Important Setup Notes:
- Do not pull the pendulum bob back past the "U" shape support frame. The bob will hit the frame when platform is rotated
- This is an old Museum Exhibit, which may return to the museum for time to time.
Demonstration:
- If a pendulum is suspended so that it may swing freely, it will maintain a constant plane of oscillation, relative to an inertial frame of reference. This is the result of the force which act on a pendulum. These forces act in the direction of the path of the pendulum and along the string. There is no force acting perpendicularly to the path of the pendulum.
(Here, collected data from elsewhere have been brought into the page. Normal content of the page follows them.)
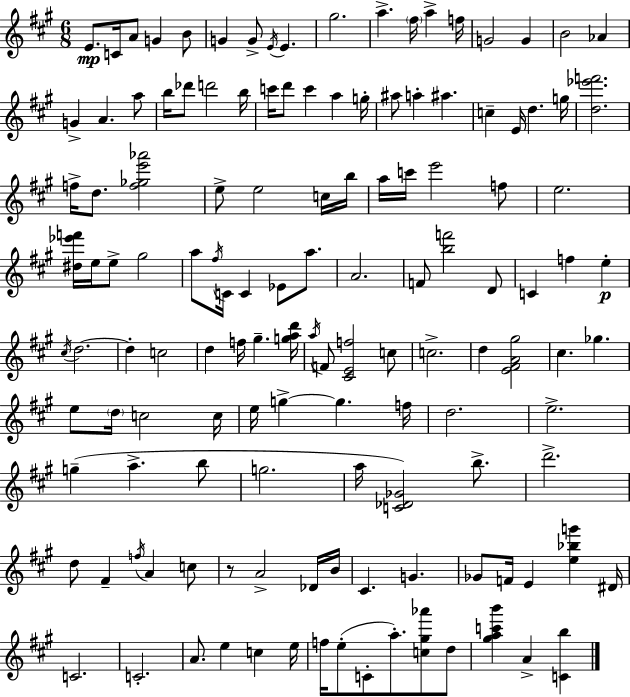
X:1
T:Untitled
M:6/8
L:1/4
K:A
E/2 C/4 A/2 G B/2 G G/2 E/4 E ^g2 a ^f/4 a f/4 G2 G B2 _A G A a/2 b/4 _d'/2 d'2 b/4 c'/4 d'/2 c' a g/4 ^a/2 a ^a c E/4 d g/4 [d_e'f']2 f/4 d/2 [f_ge'_a']2 e/2 e2 c/4 b/4 a/4 c'/4 e'2 f/2 e2 [^d_e'f']/4 e/4 e/2 ^g2 a/2 ^f/4 C/4 C _E/2 a/2 A2 F/2 [bf']2 D/2 C f e ^c/4 d2 d c2 d f/4 ^g [gad']/4 a/4 F/2 [^CEf]2 c/2 c2 d [E^FA^g]2 ^c _g e/2 d/4 c2 c/4 e/4 g g f/4 d2 e2 g a b/2 g2 a/4 [C_D_G]2 b/2 d'2 d/2 ^F f/4 A c/2 z/2 A2 _D/4 B/4 ^C G _G/2 F/4 E [e_bg'] ^D/4 C2 C2 A/2 e c e/4 f/4 e/2 C/2 a/2 [c^g_a']/2 d/2 [^gac'b'] A [Cb]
If a pendulum were suspended at the north pole of the earth, it would continue to oscillate, unperturbed, in it's original plane of motion, while the earth revolved beneath it, making one revolution in twenty-four hours. To an observer on the earth at the north pole, who is unconscious of the earth's rotation, it will appear the the pendulum's plane of motion is constantly changing, completing 360 degrees of rotation in twenty-four hours. This horizontal rotation will appear to be in the opposite direction of the earth's rotation, that is, in the clockwise direction. At the equator, no such rotation takes place. At a point between the pole and the equator, the period of this rotation varies between twenty-four hours and infinity, depending on the latitude. In Madison the period is 35 hours, 8 minutes, 8 seconds. In 1852, Leon Foucault suspended a pendulum from the dome of the Pantheon in Paris. This pendulum, now known as the Foucault Pendulum, showed the apparent rotation of a pendulum's plane of oscillation.